Why is the customs agent asking what I do for a living?

I once had an . . . interesting time coming back from Tijuana with a couple of buddies. E. was a naturalized American citizen. He’d entered the US when he was 2 as a refugee and election for citizenship when he turned 18 was a no-brainer since for all intents and purposes he was an American anyway. As a citizen, he’s got no green card, no papers showing residence status, nothing other than the kind of ID anyone would have normally; i.e.: a student ID and a driver’s license.

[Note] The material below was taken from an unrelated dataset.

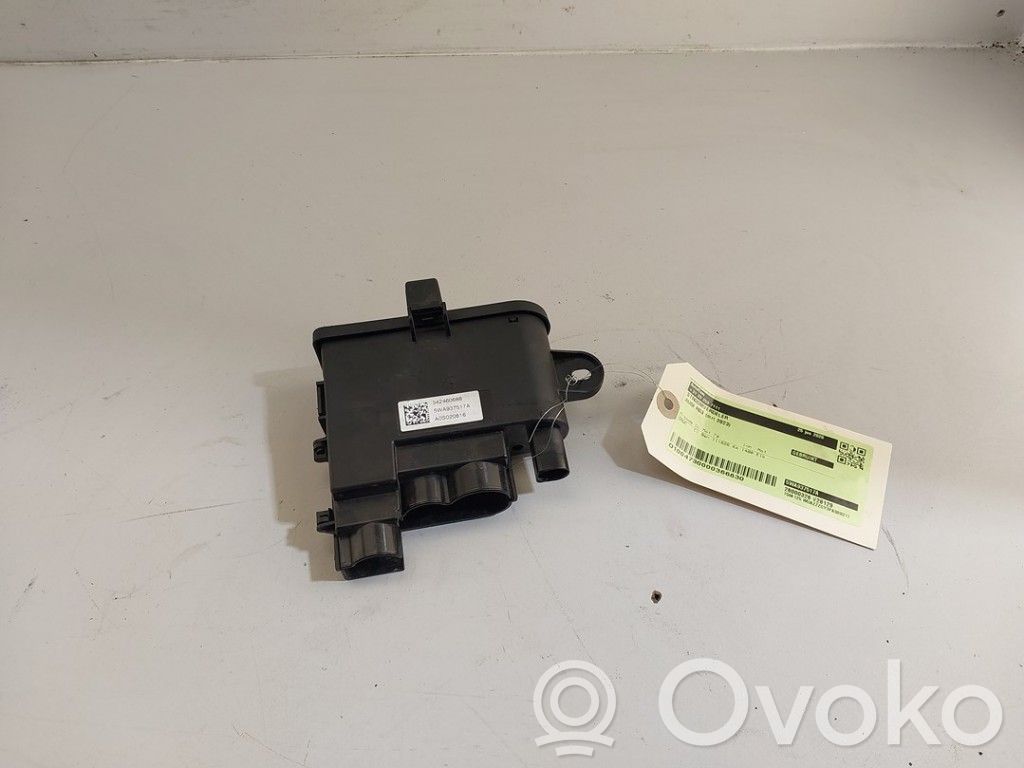 Audi RS3 8Y Spinterogeno Spark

The border official stopped us and asked us a question or two. I was asked where I was born and where I lived. E. got the same questions, and he answered truthfully.

“Where were you born?”
“El Salvador.”
“Where do you live?”
“Now, San Diego, but I’m from L.A.”
“Would you step over to the counter there, please.”

My other friend and I were not allowed to stay with him and had to cross over to the other side of the border.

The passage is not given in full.